Depremde Yumuşak Kat Sorunu
Binaların bazı katlarında özellikle zemin katlarda betonarme binaların deprem esnasında yıkılmasının en mühim mimari tasarım hatalarından birisi yumuşak kat meydana gelmesidir. Bir katın yumuşak kat olarak kabul edilmesi için hemen üstündeki katın yanal rijitliğinin % 70’inden az olması gerekir. Yada üstte bulunan üç katın toplam rijitliklerinin % 40’ından az olması lazımdır.
Yumuşak katın meydana getirdiği olumsuzluklar,
- Kolonlarda mafsallaşmadan dolayı sünekliliğin sınırlı kalması,
- Oluşacak hasar sonrası onarımın güç olması,
- Bütün enerji tüketiminin tek bir katta yoğunlaşmış olması,
- Deprem sonrası binaların ağır hasar alması veya göçmesi olarak sıralanabilir. (Şekil 1 ve 2)
Zemin katlarda yumuşak kat
Yumuşak kat sorununun çözümüne yönelik ek önlem alınmaması, zemin kat döşemelerinin binanın yanal rijitliğine fazlaca katkısı olmayan dişli döşeme olarak düzenlenmesi ve kolon boyutlarının üst kat kolonlarla aynı mertebelerde düzenlenmesi mevcut durumu daha da kötüleştirmiştir.
Çoğu binanın giriş katında ve nadiren ara katlardan birinde satış mağazası, restoran, tesisat, hava boşluğu ve benzeri amaçlarla bölme ve/veya dolgu duvarları tamamen veya kısmen örülmemektedir. Bölme duvarlarının kaldırılması ve kat yüksekliğinin fazla olması zemin katlarda rijitliğin birdenbire azalması ve betonarme elemanlarda elastik olmayan davranışın zemin kat kolonlarının üst noktasında yoğunlaşmasına neden olur. Üst katlara nazaran yatay ötelenmelerin çok büyük olduğu zemin katlar genellikle depremde ağır hasara neden olmuşlardır (Şekil 1). Bu nedenle ‘yumuşak kat’ yerine ‘tehlike katı’ terimi de kullanılabilir.
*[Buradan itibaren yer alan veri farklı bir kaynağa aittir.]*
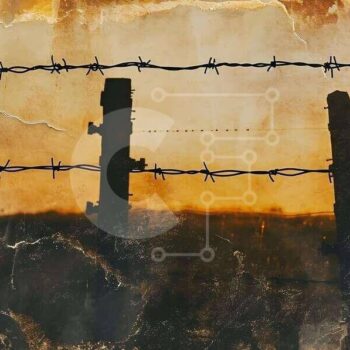 Intra Συλλεκτικό Ξύλινο Παζλ Plywood  4mm - Σιλουέτα από συρματοπλέγματα ενάντια στο ηλιοβασίλεμα Σε Ξύλινο Κουτί - Διαστάσεις Puzzle: 10x10 cm – 25 κομμάτια - Image 1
Yumuşak katın deplasmanı yaklaşık olarak binanın tüm deplasmanına eşittir. Bir kat üzerinde yoğunlaşan bu aşırı ötelenme nedeni ile kolonlar ağır hasara uğrar ve çoğu zaman binanın tümünün göçmesine neden olur. Ancak yumuşak kat oluşumunun önlenemediği hallerde, yani giriş katlarında dolgu duvarı örülmeyerek, alışveriş merkezi veya restoran yapılmasının zorunluğu olduğu hallerde özel hesaplamalar ve özel boyutlandırma tekniklerinin yanısıra özel düzenlemelerle o katın tehlikesiz hale getirilmesi sağlanabilir. Kat arası deplasmanının, binanın tümünün yatay deplasmanına eşit olacağı ve özellikle deprem enerjisinin tümünün sadece yumuşak katta yutulacağı göz önüne alınarak yumuşak kattaki kolon ve perdelerin rijitlikleri, bu olağanüstü kat arası deplasmanını karşılayabilecek şekilde önemli ölçüde arttırılmalıdır.
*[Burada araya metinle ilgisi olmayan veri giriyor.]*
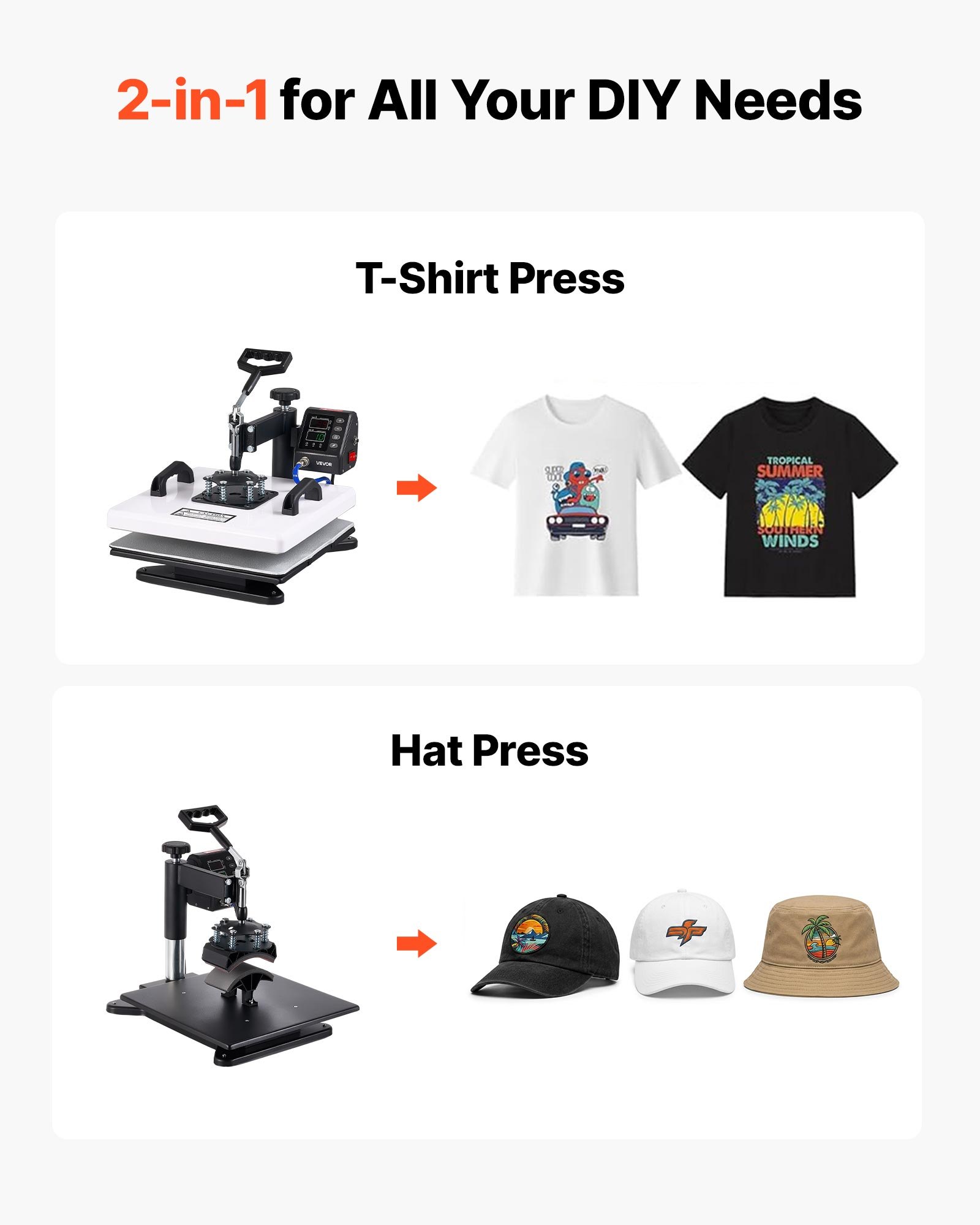 VEVOR Transferpers 38x38cm Sublimatiemachine 2-in-1 Textielpers 1250W, 360° Draaifunctie Snelle & Gelijkmatige Verwarming Tijd & Temperatuurregeling T-shirts Kussenslopen Hoeden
Afet Bölgelerinde Yapılacak Yapılar Hakkında Yönetmelik gereği tehlike katı oluşumunu engellemek için düşey doğrultudaki düzensizlik, komşu katlar arasında rijitlik düzensizliği olarak tanımlanmıştır.
Rijitlik düzensizliği, (her iki doğrultu için) bir kattaki ortalama göreli kat ötelenmesinin bir üst kattaki ortalama göreli kat ötelenmesine oranının 1.5’tan fazla olması durumu olarak kabul edilmiştir.
Yumuşak kat oluşum nedenleri
• Zemin kat yüksekliğinin diğer katlara göre daha fazla yapılması kat rijitliğini azaltır, yanal deplasmanı arttırır.
• Üst katlarda kiriş kolon boyutlarının büyük olması nedeni ile üst katların rijitliği (alt kata nazaran) artar.
• Üst katlardaki perde duvarların zemin katta devam etmemesi halinde kesme kuvvetlerini kolonlarda karşılamak güçleşir.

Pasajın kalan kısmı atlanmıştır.